The county's economic development strategy should consider whether recent acceleration in WARN notices signals structural economic transition requiring proactive workforce development investment, targeted business recruitment in growth sectors, or merely cyclical adjustment within a generally stable economy. The limited presence of high-growth sectors (technology, advanced manufacturing, professional services) relative to declining sectors (retail, traditional entertainment) suggests underlying economic vulnerability.

H-1B and Foreign Hiring Dynamics

Minnesota broadly demonstrates significant reliance on H-1B foreign workers, with 59,885 certified petitions from 6,191 unique employers, representing substantial use of skilled immigrant labor in the state's economy. However, the WARN notice data provided contains no specific information regarding H-1B petition activity by Blue Earth County employers. The major employers in the county's WARN dataset—Lowe's, School Sisters of Notre Dame, Verizon, Petco, and others—do not appear prominently in Minnesota's documented H-1B petition landscape.

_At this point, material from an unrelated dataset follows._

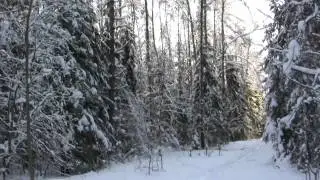 Лесами Западной Мещёры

This absence suggests either that Blue Earth County employers rely minimally on H-1B workers (consistent with retail and service sector characteristics) or that any such petitions are filed at regional or national levels without specific tracking at the county level. The technology employers in the WARN dataset appear minimal compared to Minnesota's broader technology sector concentration in the Twin Cities and Rochester. Therefore, H-1B dynamics appear peripheral to understanding Blue Earth County's layoff patterns, which reflect sector consolidation and structural economic transition rather than visa-driven workforce strategy changes.

The county's employment challenges appear fundamentally local in character, rooted in retail consolidation and regional economic structure rather than influenced by federal immigration policy or foreign worker availability.